Vu les autres pièces du dossier.

Vu le code de justice administrative.

Considérant ce qui suit :

1. Aux termes de l'article R. 222-1 du code de justice administrative : " Les présidents de tribunal administratif () peuvent, par ordonnance : () 7° Rejeter, après l'expiration du délai de recours ou, lorsqu'un mémoire complémentaire a été annoncé, après la production de ce mémoire, les requêtes ne comportant que des moyens de légalité externe manifestement infondés, des moyens irrecevables, des moyens inopérants ou des moyens qui ne sont assortis que de faits manifestement insusceptibles de venir à leur soutien ou ne sont manifestement pas assortis des précisions permettant d'en apprécier le bien-fondé () ".

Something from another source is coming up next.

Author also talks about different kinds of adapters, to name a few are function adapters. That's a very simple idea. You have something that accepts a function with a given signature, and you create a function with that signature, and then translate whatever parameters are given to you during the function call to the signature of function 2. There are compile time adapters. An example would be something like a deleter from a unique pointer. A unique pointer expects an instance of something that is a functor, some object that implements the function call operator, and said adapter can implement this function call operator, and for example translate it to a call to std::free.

2. Mme A se borne à affirmer que son terrain est légèrement en pente, possède des accoles, et qu'il est raccordé au tout à l'égout. Elle affirme que son terrain fait partie du mas familial " Almeras " et que chaque parcelle possède une construction. Enfin elle soutient également que des frais ont été engagés sur les parties de terrains concernées par le projet en litige. Ce faisant, Mme A n'invoque la méconnaissance d'aucune disposition textuelle et ne produit que des moyens inopérants. Par suite, le délai de recours contentieux étant expiré il y a lieu, en application des dispositions de l'article R. 222-1 7° du code de justice administrative, de rejeter la requête de Mme A.

O R D O N N E :

Article 1er : La requête de Mme A est rejetée.

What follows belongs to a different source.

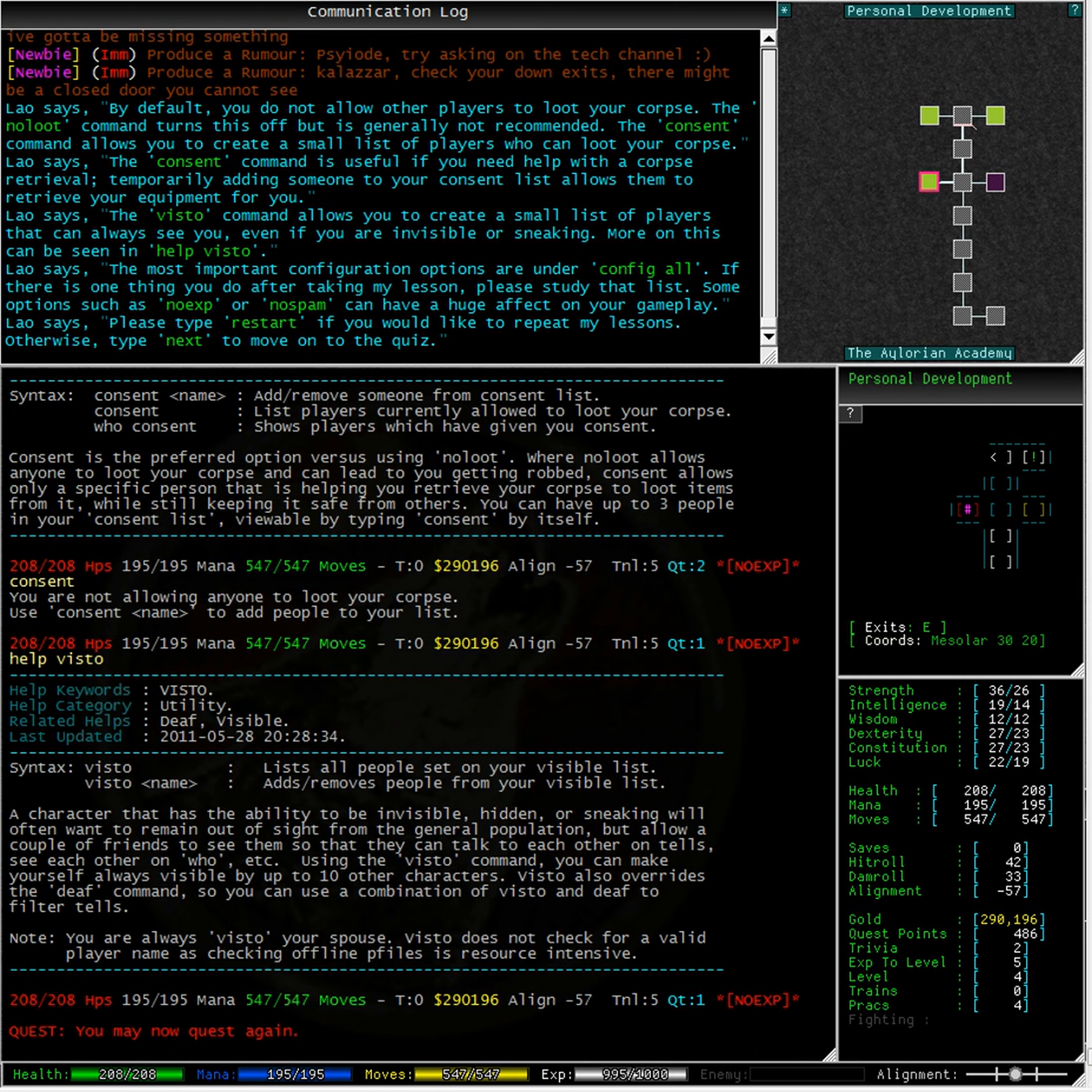Using the viz2 command, you can make yourself always visible to up to 10 other characters. Viz2 also overrides the def command, so you can use a combination of viz2 and def to filter tells.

Article 2 : La présente ordonnance sera notifiée à Mme B A et à la commune de Saint-Ambroix.

Fait à Nîmes, le 24 février 2023

Le président,

J. ANTOLINI

La République mande et ordonne à la préfète du Gard en ce qui la concerne ou à tous commissaires de justice à ce requis en ce qui concerne les voies de droit commun contre les parties privées, de pourvoir à l'exécution de la présente décision.